Professor Spence, who taught for more than 40 years at Yale University, where his lecture classes were always in great demand, found the big picture of Chinese history in small details. His books, deeply researched, examined individual lives and odd moments that were representative of larger cultural forces, wrapping it all together with vivid storytelling.
“This is a delicate spider’s web of a book, deft, fascinating and precise as Chinese calligraphy,” Diana Preston wrote in The Los Angeles Times in a review of his “Treason by the Book” (2001), about a scholar who challenged the third Manchu emperor in the early 1700s. “It is also unnerving because it conjures so much that still resonates.”
Among Professor Spence’s most ambitious books was “The Search for Modern China,” which made The New York Times’s best-seller list and is now a standard text. It took an 876-page view of China’s history from the decline of the Ming dynasty in the 1600s to the democracy movement of 1989.
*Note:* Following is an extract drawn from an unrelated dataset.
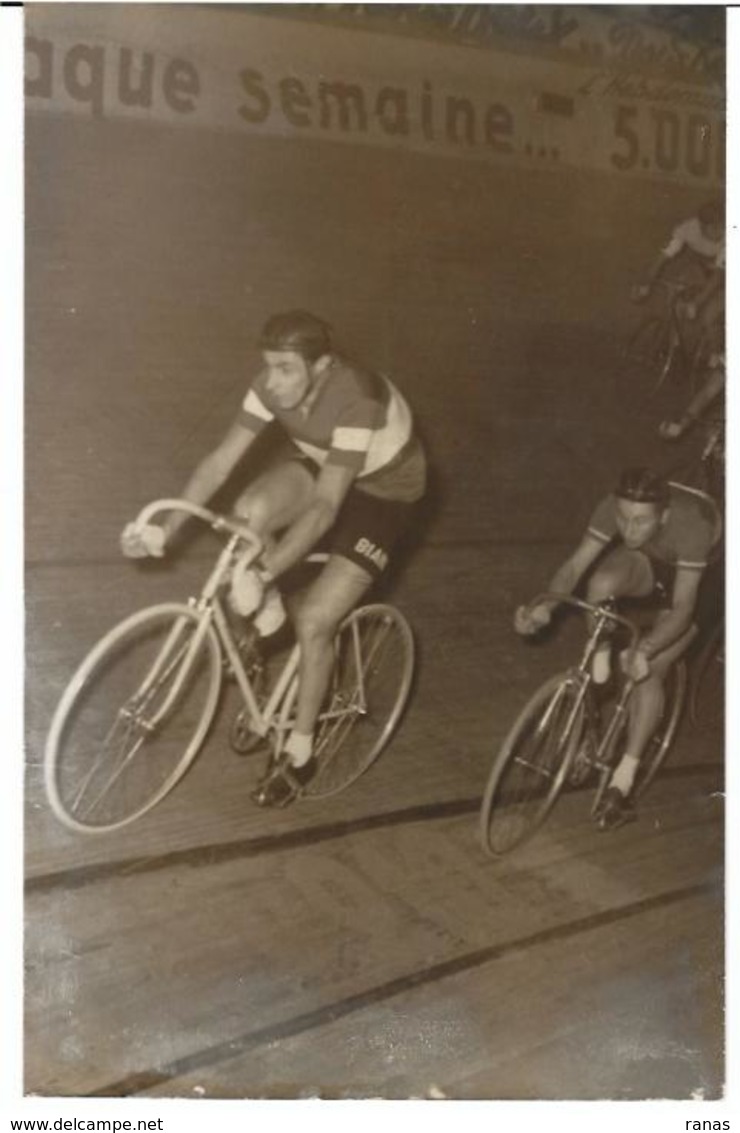 Photo Anquetil Fausto Coppi Vélodrome D'hiver 1955 18 X 11,5 Voir Scan Du Dos - Wielrennen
“Other books have attempted to cover the political and social history of China from imperial to Communist times,” Vera Schwarcz wrote in her review in The Times. “But they lack the narrative technique, the wealth of illustrations and the thematic focus of this work.”
Professor Spence wrote more than a dozen books in all, beginning in 1966 with “Ts’ao Yin and the K’ang-hsi Emperor: Bondservant and Master,” based on his dissertation about a minor historical figure in the late 1600s and early 1700s.